## TASK REQUIREMENTS
Exclude images, then output the remaining data verbatim.

## SOURCE DATA
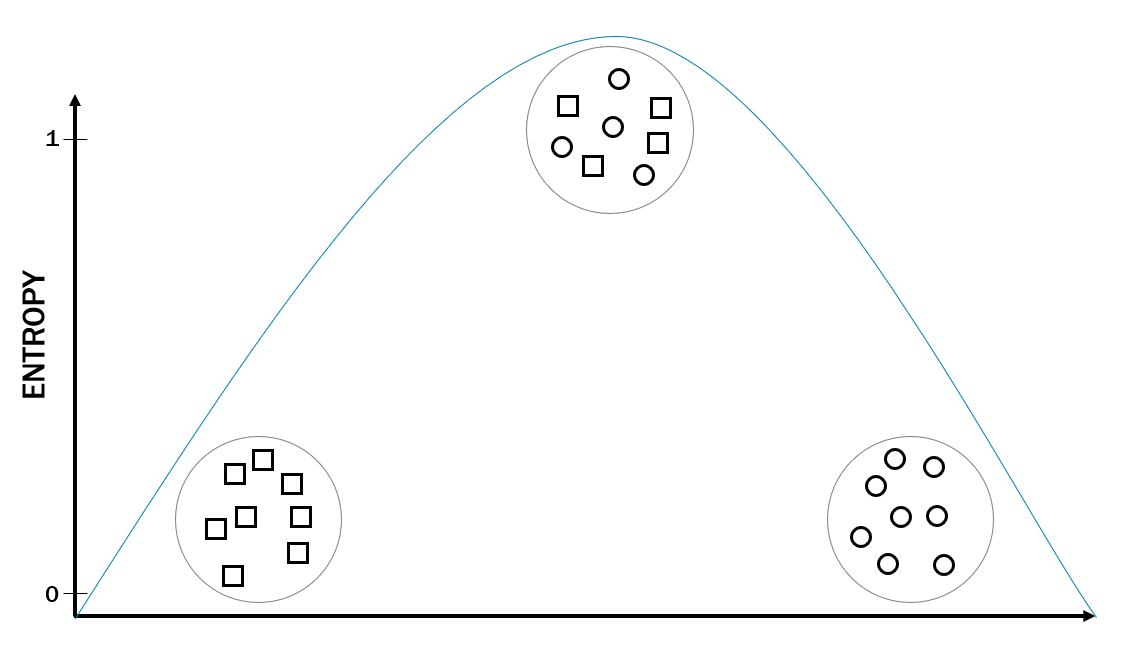 Entropy graph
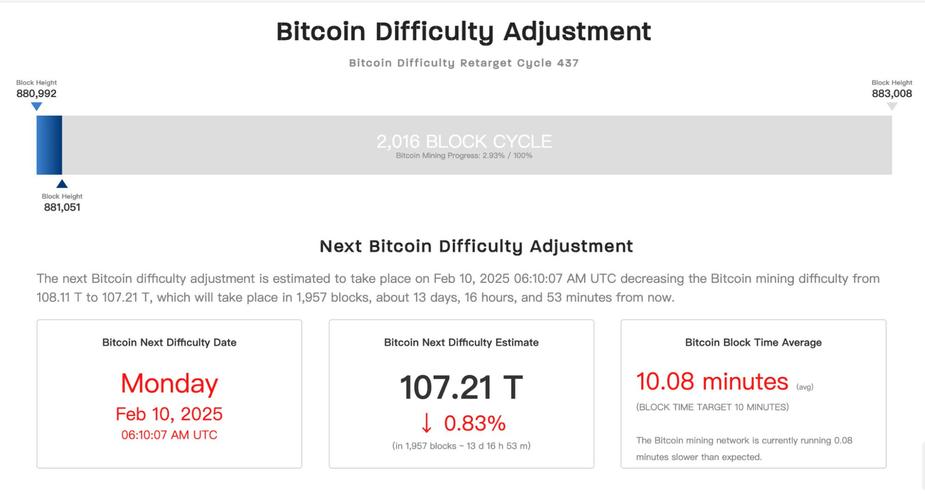 以太币挖矿时间详解，影响速度的关键因素
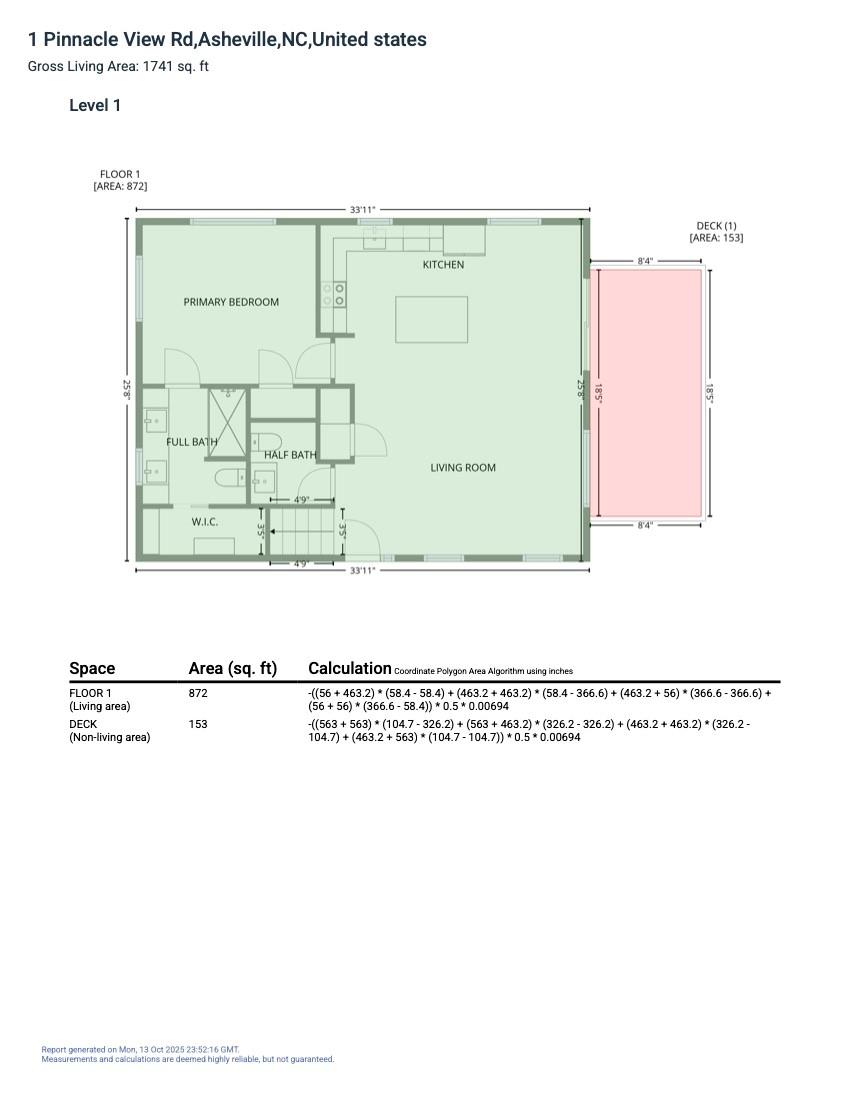 1 Pinnacle View Road Asheville NC 28803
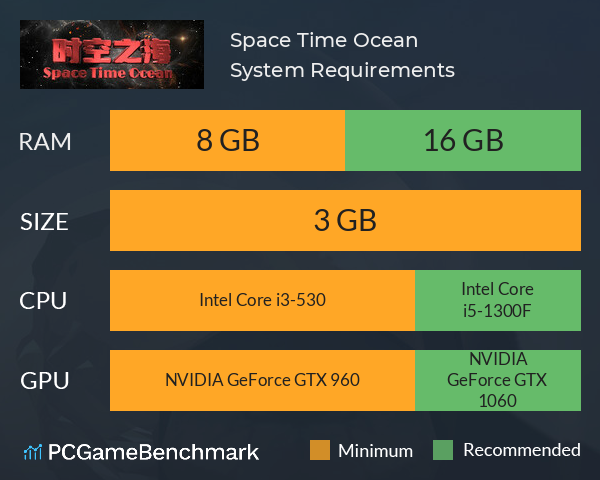 时空之海（Space Time Ocean） System Requirements PC Graph - Can I Run 时空之海（Space Time Ocean）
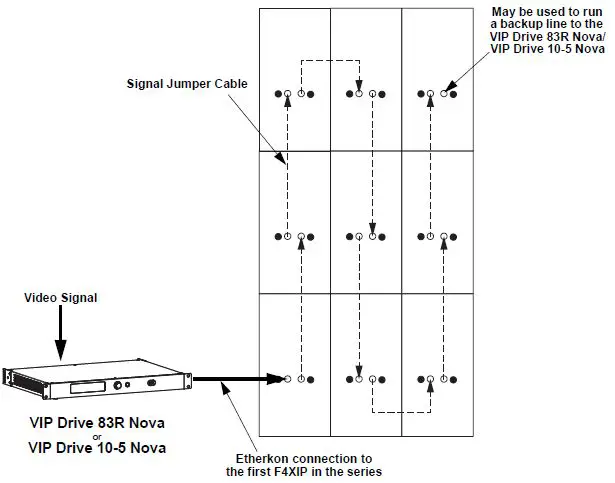 Chauvet-F4XIP-QRG-ML5-SMD-LED-Video Panel-1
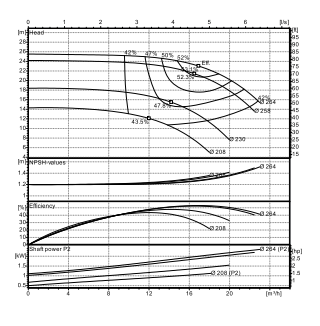 Ebitt EN4 32-250/3 Yatay Flanşlı Uçtan Emişli Santrifüj Pompa
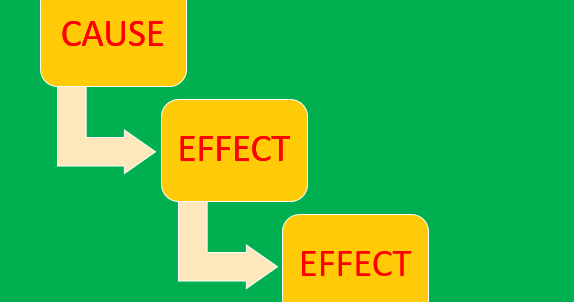 Cause And Effect Sentences Pengertian Karakteristik Generic Structure Dan Contoh Penggunaannya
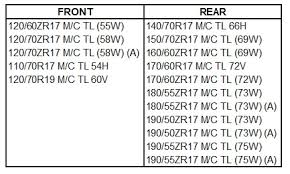 2019 Pirelli Angel Gt Ii Tyre Tire Size Chart Bike Review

## RESPONSE
 Entropy graph
 以太币挖矿时间详解，影响速度的关键因素
 1 Pinnacle View Road Asheville NC 28803
 时空之海（Space Time Ocean） System Requirements PC Graph - Can I Run 时空之海（Space Time Ocean）
 Chauvet-F4XIP-QRG-ML5-SMD-LED-Video Panel-1
 Ebitt EN4 32-250/3 Yatay Flanşlı Uçtan Emişli Santrifüj Pompa
 Cause And Effect Sentences Pengertian Karakteristik Generic Structure Dan Contoh Penggunaannya
 2019 Pirelli Angel Gt Ii Tyre Tire Size Chart Bike Review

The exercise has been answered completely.